**Exercise description:** Your answer must contain each line of the listing in which "vibrant" appears, copied in full.

**Provided information:**
○ ○ ○ ○

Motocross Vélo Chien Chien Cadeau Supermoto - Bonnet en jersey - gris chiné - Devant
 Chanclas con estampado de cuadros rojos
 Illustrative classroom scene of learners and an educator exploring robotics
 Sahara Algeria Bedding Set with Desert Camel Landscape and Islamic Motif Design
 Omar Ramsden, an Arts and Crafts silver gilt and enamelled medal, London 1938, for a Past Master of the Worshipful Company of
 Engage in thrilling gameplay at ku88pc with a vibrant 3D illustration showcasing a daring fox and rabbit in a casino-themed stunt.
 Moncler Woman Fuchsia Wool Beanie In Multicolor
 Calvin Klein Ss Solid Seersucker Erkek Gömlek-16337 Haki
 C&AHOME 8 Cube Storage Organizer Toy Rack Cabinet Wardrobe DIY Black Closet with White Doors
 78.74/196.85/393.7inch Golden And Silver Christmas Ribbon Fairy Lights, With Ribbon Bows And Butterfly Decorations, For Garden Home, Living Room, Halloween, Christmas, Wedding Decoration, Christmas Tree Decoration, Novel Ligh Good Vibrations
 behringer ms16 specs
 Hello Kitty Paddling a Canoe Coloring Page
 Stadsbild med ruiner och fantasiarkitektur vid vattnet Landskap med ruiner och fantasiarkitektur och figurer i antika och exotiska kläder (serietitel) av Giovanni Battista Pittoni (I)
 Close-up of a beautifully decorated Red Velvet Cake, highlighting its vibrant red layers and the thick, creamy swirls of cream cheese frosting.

○ ○ ○ ○

**Answer for the task:**
 Engage in thrilling gameplay at ku88pc with a vibrant 3D illustration showcasing a daring fox and rabbit in a casino-themed stunt.
 Close-up of a beautifully decorated Red Velvet Cake, highlighting its vibrant red layers and the thick, creamy swirls of cream cheese frosting.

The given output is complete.